→ **What is expected**:
Would you print every entry below exactly as written, omitting the images?

→ **Listed records**:
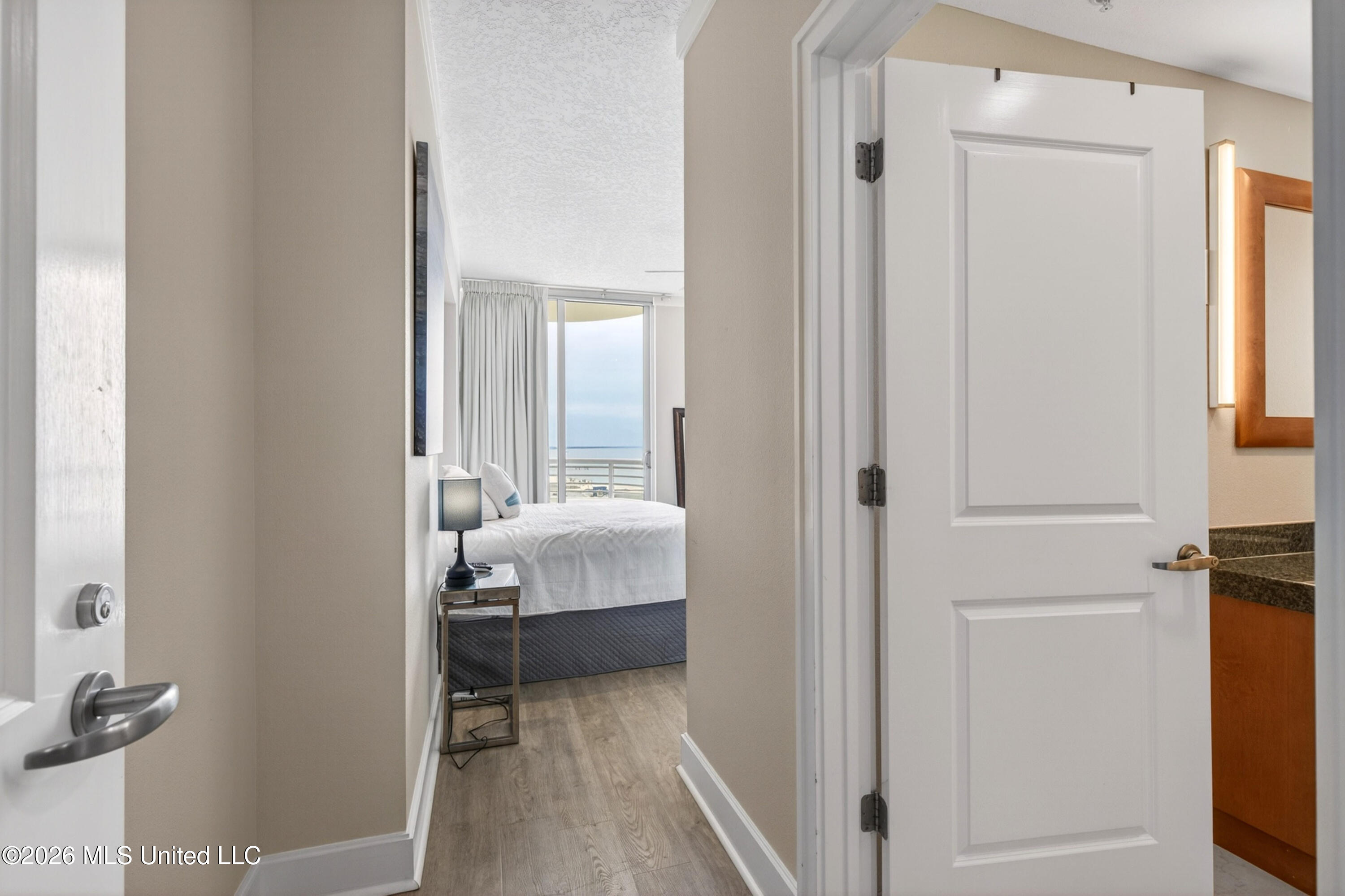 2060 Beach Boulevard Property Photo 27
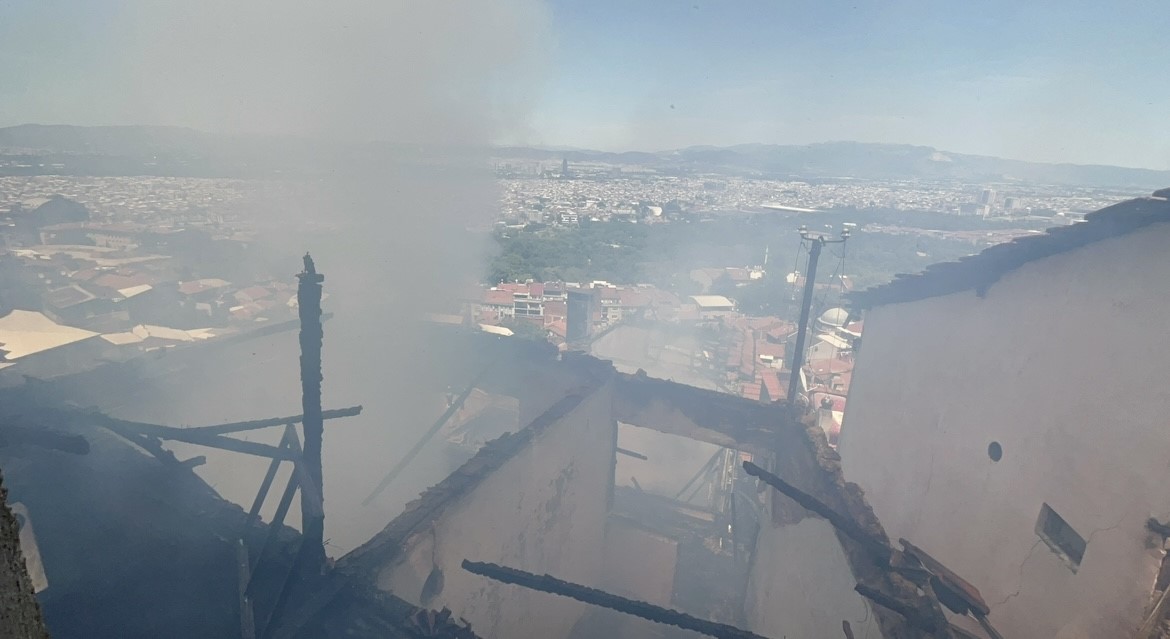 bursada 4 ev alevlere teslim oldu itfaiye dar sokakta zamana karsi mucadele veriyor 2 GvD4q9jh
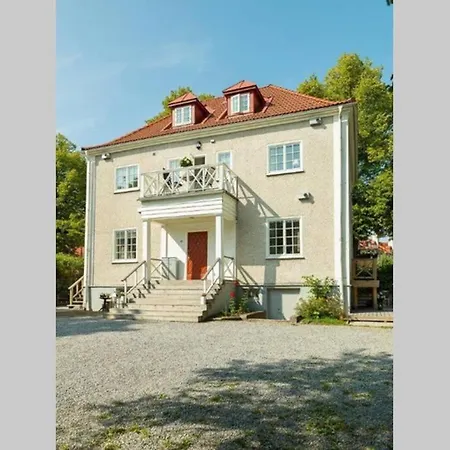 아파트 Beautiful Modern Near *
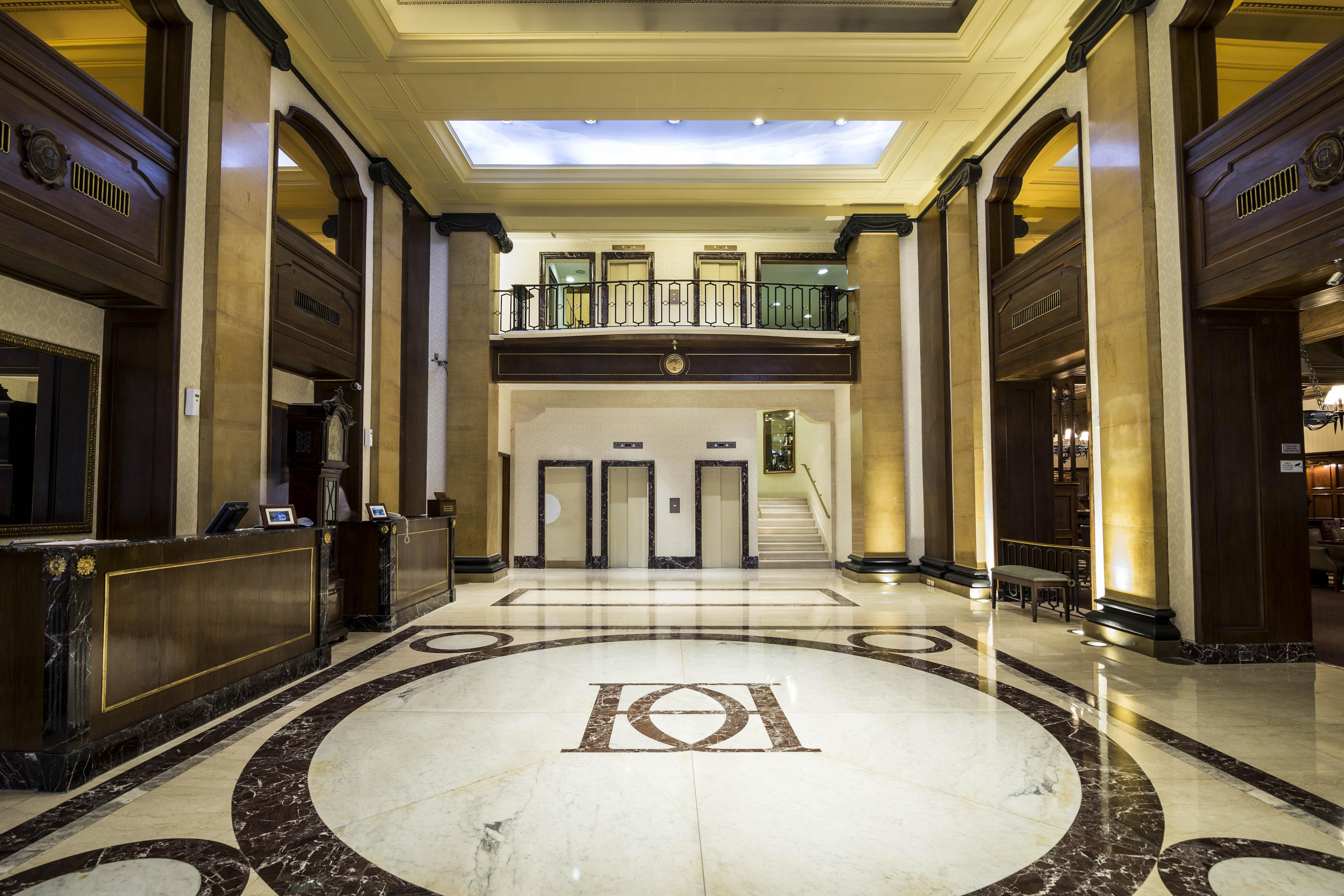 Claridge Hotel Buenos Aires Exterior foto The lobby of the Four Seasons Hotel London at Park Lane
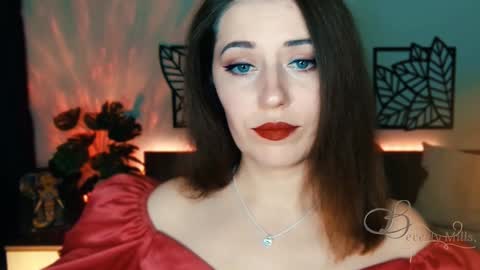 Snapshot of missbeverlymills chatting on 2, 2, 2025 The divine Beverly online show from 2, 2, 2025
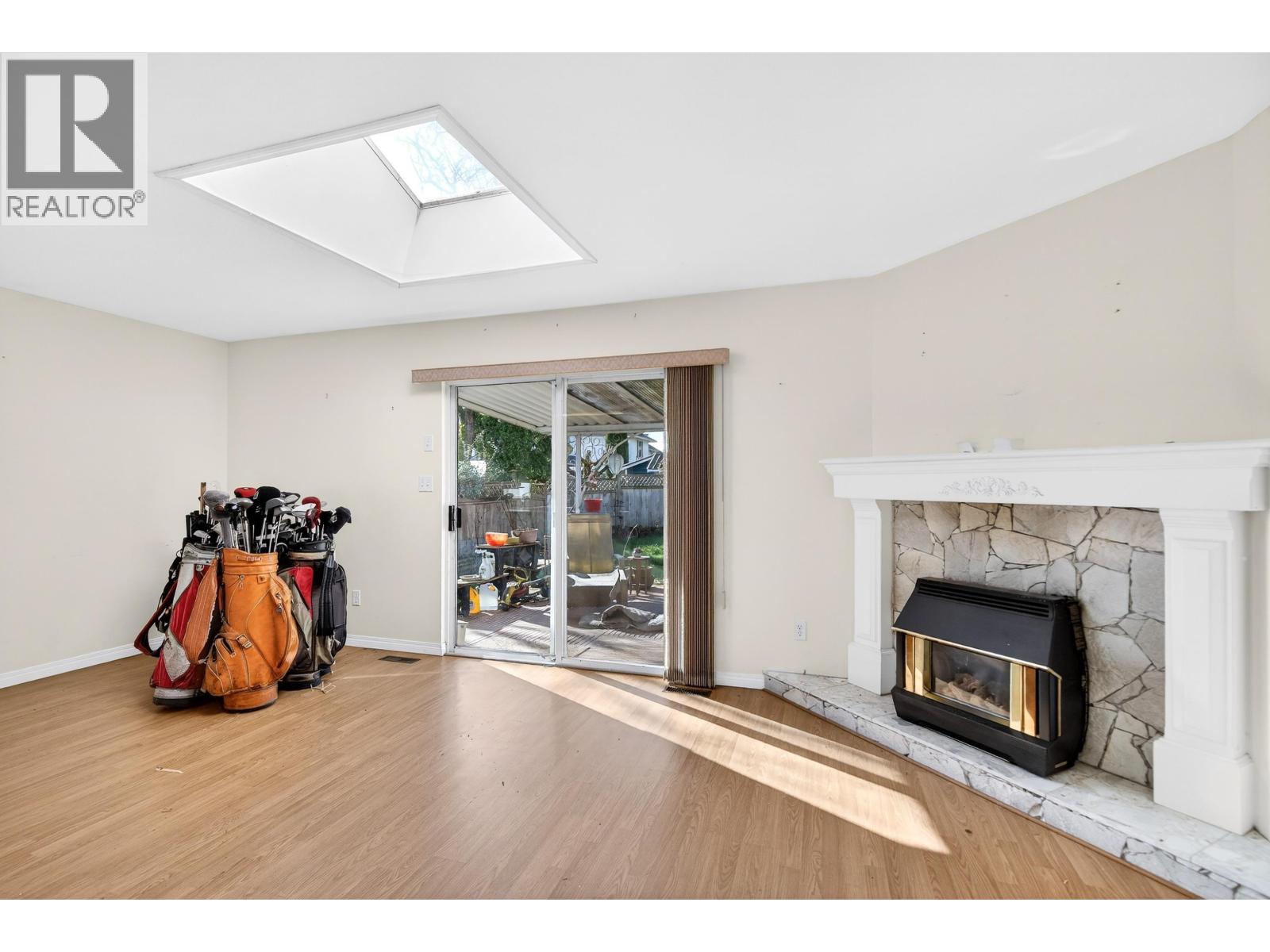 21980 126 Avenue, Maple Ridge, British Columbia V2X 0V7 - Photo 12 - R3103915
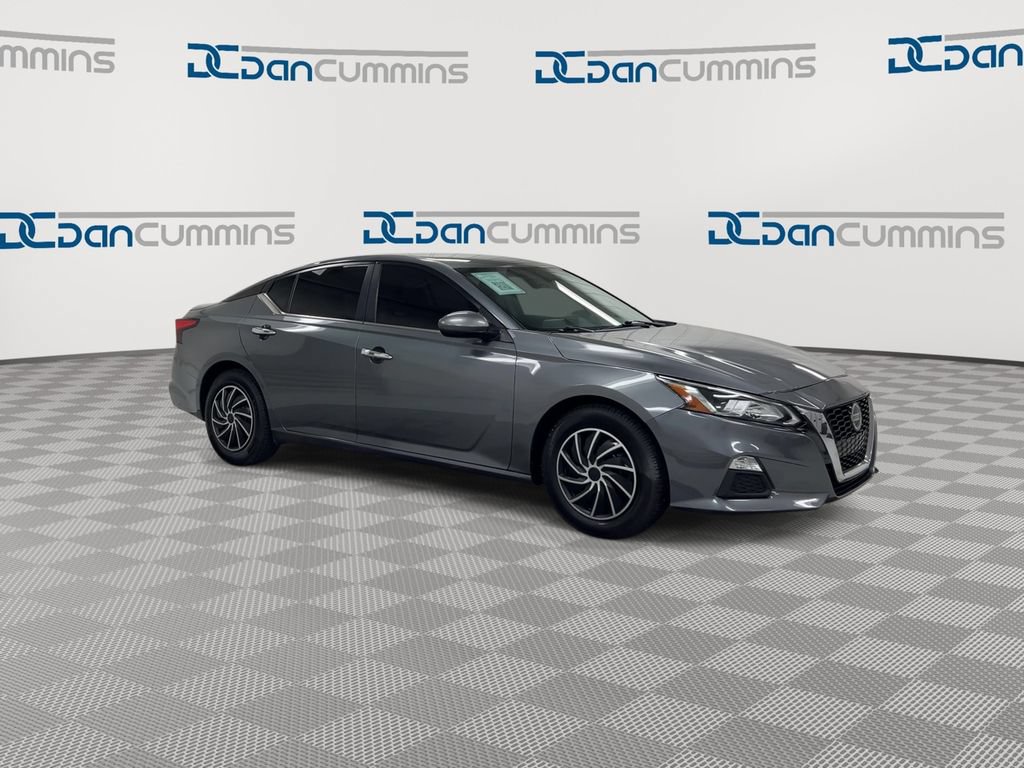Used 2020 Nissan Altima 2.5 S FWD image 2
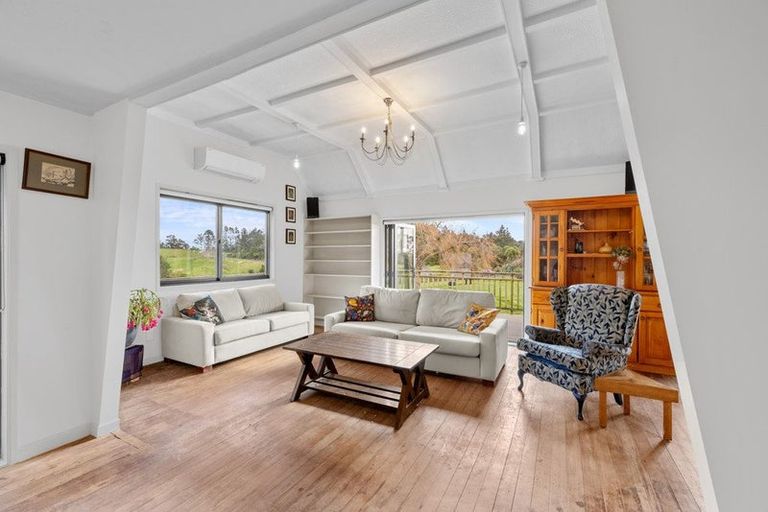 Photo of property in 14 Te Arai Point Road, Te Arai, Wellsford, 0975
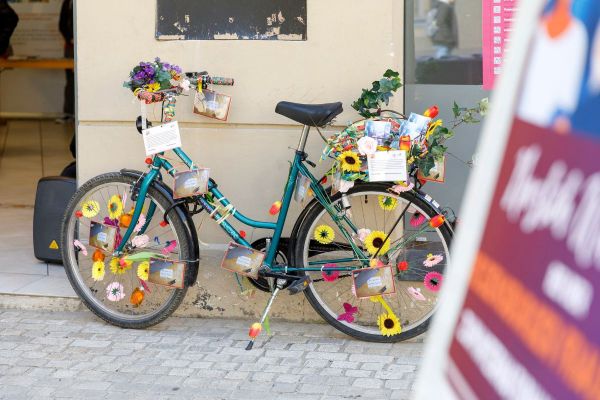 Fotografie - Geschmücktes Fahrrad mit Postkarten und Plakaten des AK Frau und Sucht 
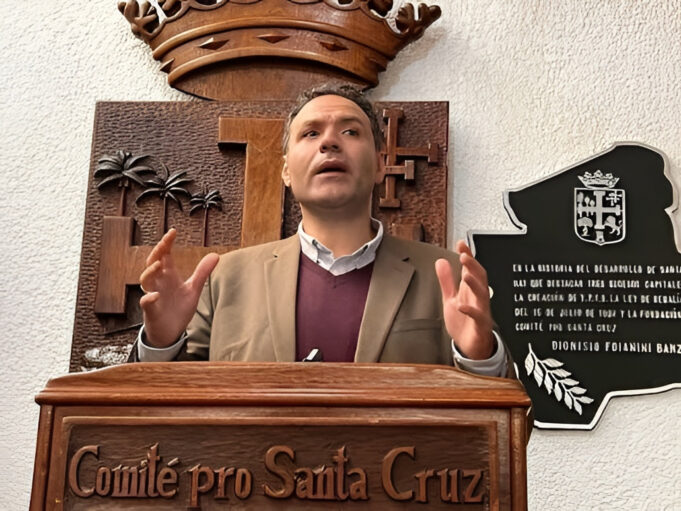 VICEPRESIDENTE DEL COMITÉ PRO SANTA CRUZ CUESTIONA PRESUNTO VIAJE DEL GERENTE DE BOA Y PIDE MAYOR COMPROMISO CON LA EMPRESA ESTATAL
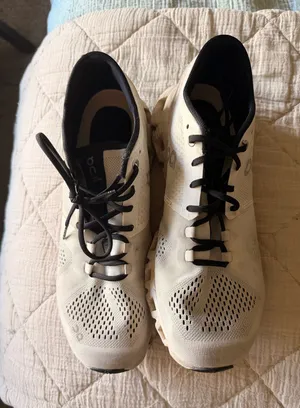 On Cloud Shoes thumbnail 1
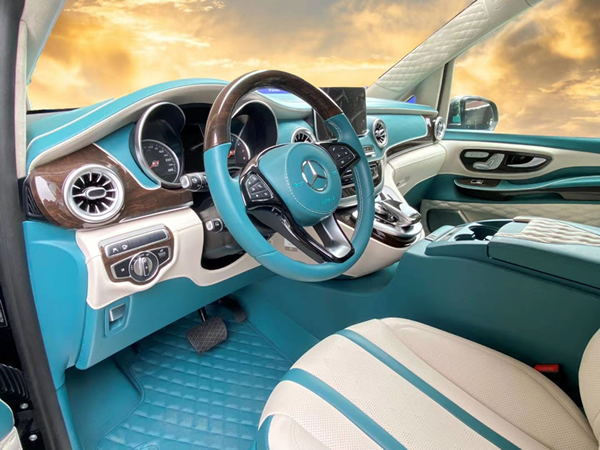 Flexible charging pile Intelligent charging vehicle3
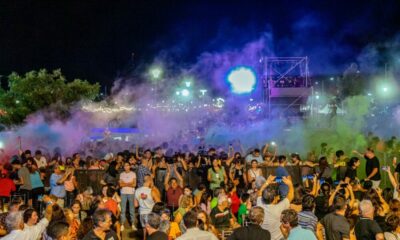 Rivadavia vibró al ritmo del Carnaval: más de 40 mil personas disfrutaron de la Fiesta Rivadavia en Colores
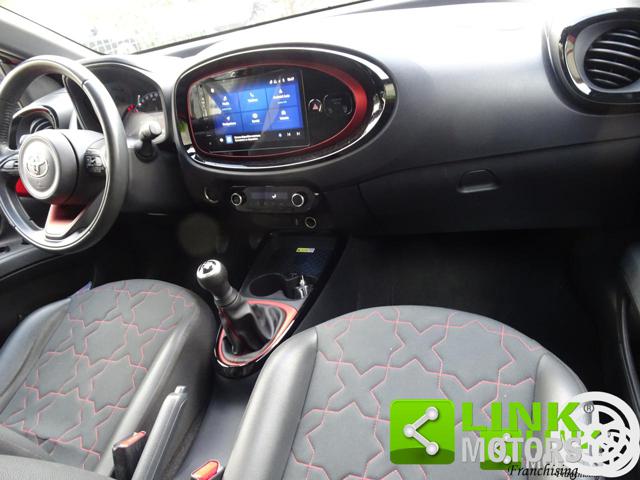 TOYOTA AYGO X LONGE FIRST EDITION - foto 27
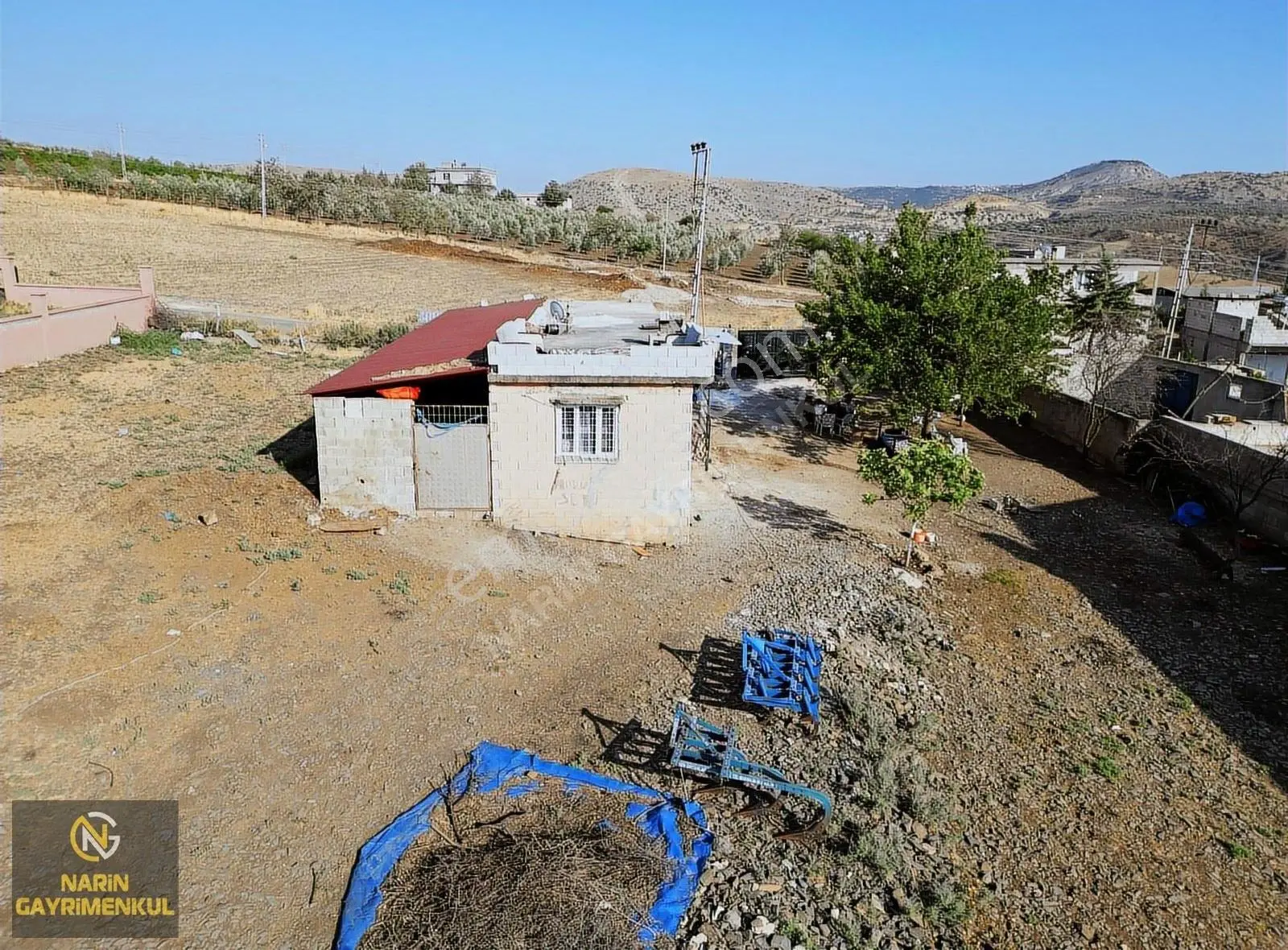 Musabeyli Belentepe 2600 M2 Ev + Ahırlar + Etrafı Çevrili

→ **Written solution**:
 2060 Beach Boulevard Property Photo 27
 bursada 4 ev alevlere teslim oldu itfaiye dar sokakta zamana karsi mucadele veriyor 2 GvD4q9jh
 아파트 Beautiful Modern Near *
 Claridge Hotel Buenos Aires Exterior foto The lobby of the Four Seasons Hotel London at Park Lane
 Snapshot of missbeverlymills chatting on 2, 2, 2025 The divine Beverly online show from 2, 2, 2025
 21980 126 Avenue, Maple Ridge, British Columbia V2X 0V7 - Photo 12 - R3103915
Used 2020 Nissan Altima 2.5 S FWD image 2
 Photo of property in 14 Te Arai Point Road, Te Arai, Wellsford, 0975
 Fotografie - Geschmücktes Fahrrad mit Postkarten und Plakaten des AK Frau und Sucht 
 VICEPRESIDENTE DEL COMITÉ PRO SANTA CRUZ CUESTIONA PRESUNTO VIAJE DEL GERENTE DE BOA Y PIDE MAYOR COMPROMISO CON LA EMPRESA ESTATAL
 On Cloud Shoes thumbnail 1
 Flexible charging pile Intelligent charging vehicle3
 Rivadavia vibró al ritmo del Carnaval: más de 40 mil personas disfrutaron de la Fiesta Rivadavia en Colores
 TOYOTA AYGO X LONGE FIRST EDITION - foto 27
 Musabeyli Belentepe 2600 M2 Ev + Ahırlar + Etrafı Çevrili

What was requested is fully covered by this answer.